Exercise prompt: Repeat the lines below exactly as they appear, but leave out the images.

Provided data:

= = =

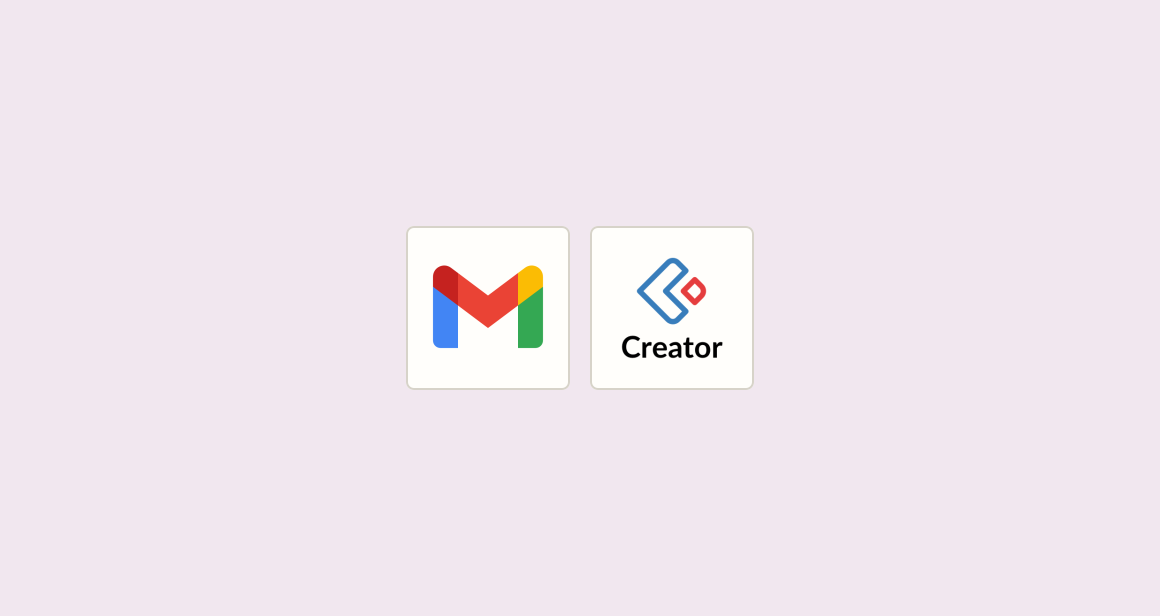 Create sales quote requests from labeled emails by morning
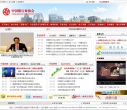 中國銀行業協會www.china-cba.net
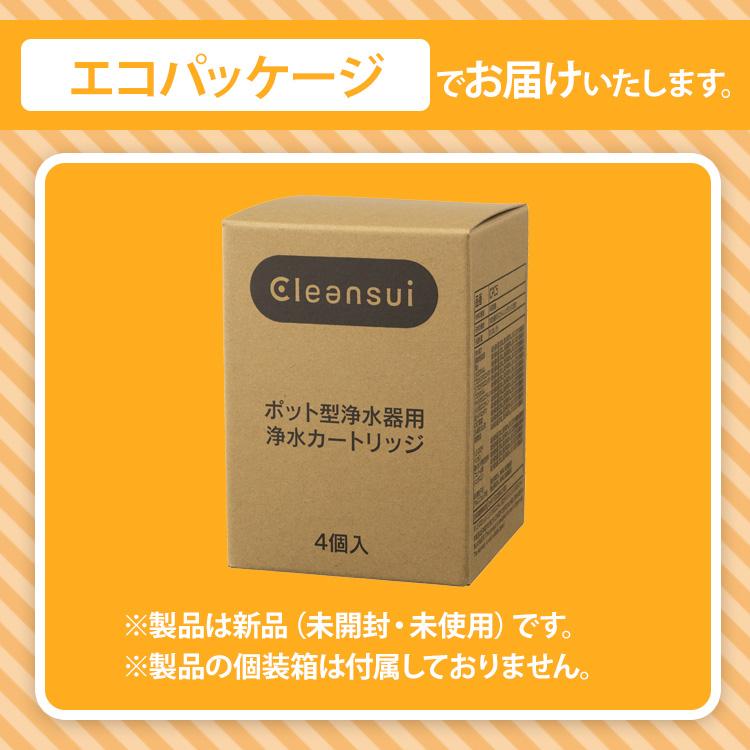 クリンスイ ポット型 浄水器 カートリッジ CPC5 4個 セット 交換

= = =

Exercise response:
 Create sales quote requests from labeled emails by morning
 中國銀行業協會www.china-cba.net
 クリンスイ ポット型 浄水器 カートリッジ CPC5 4個 セット 交換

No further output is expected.